For years, Bell Labs executives in Murray Hill, Holmdel, and Whippany had communicated with one another via Picturephones in their offices. “I used it all the time,” Dorros recalls. “I used it every day. I thought it was terrific.” Not all the directors and vice presidents, however, liked the service. Rudi Kompfner, for instance, positioned a still photograph of himself in front of his set—in John Pierce’s admiring recollection, the image showed Kompfner to be remarkably attentive and invariably interested in whatever was being said—so that he could move about his office during a chat.
37
Eventually, as the Picturephone initiative died out and the reality of its technological and economic failure set in, the Bell Labs bosses stopped using Picturephone service or had it disconnected. Forty years later, some would still defend the device, seeing it as far ahead of its time and too ambitious for the technical capabilities of that era’s network.
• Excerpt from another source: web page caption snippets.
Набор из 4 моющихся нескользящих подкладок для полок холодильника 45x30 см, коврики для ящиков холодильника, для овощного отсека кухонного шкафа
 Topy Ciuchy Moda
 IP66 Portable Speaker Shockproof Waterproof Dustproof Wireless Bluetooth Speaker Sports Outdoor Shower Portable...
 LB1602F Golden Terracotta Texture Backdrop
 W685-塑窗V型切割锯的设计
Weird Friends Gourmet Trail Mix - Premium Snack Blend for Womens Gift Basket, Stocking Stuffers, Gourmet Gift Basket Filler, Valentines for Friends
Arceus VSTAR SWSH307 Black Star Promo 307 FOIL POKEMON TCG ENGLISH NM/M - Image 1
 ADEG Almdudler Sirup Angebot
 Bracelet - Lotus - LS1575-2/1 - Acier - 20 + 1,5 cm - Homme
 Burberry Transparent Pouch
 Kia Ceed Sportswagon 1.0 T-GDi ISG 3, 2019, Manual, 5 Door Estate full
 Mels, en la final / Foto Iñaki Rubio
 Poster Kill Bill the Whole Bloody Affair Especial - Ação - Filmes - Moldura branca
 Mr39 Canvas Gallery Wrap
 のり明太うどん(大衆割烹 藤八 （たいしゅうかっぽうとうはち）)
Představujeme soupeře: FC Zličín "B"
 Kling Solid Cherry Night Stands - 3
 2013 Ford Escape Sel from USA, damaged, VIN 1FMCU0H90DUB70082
The newfound popularity of video chats over the Internet might seem to validate this view. But to an innovator, being early is not necessarily different from being wrong. And in any event the Picturephone’s rejection in the marketplace was swift and decisive. As he looked around his Holmdel office just a few years after the Chicago rollout and his eyes rested on his Picturephone, Bob Lucky recalls, “I thought I had the last one in the world.” And on that day it occurred to him, he adds, that there was no one else to call.

Sixteen
COMPETITION

J
im Fisk announced his retirement as president of Bell Labs in December 1972. It was actually the second time Fisk had announced he was leaving the Laboratories. The first had been twenty-five years earlier, just after his successful work on World War II radar sets, when he had accepted a post in Washington as the chief of research for the Atomic Energy Commission. To mark that 1947 departure—a temporary one that lasted only a few years—Mervin Kelly had held a dinner party for Fisk. It was a classy affair, as well as a jovial one: Bell Labs’ top researchers (dozens of men attired in ties and three-piece suits, and not one woman) came out to toast Fisk, first sharing martinis and oysters and then dinner and cigars. A professional photographer had been hired to document the festivities, and the record of that evening—an album of black-and-white photographs, preserved among the valued possessions of Bill Shockley—documents a group of men, none of them yet famous, on the cusp of an era that would soon be transformed by their work.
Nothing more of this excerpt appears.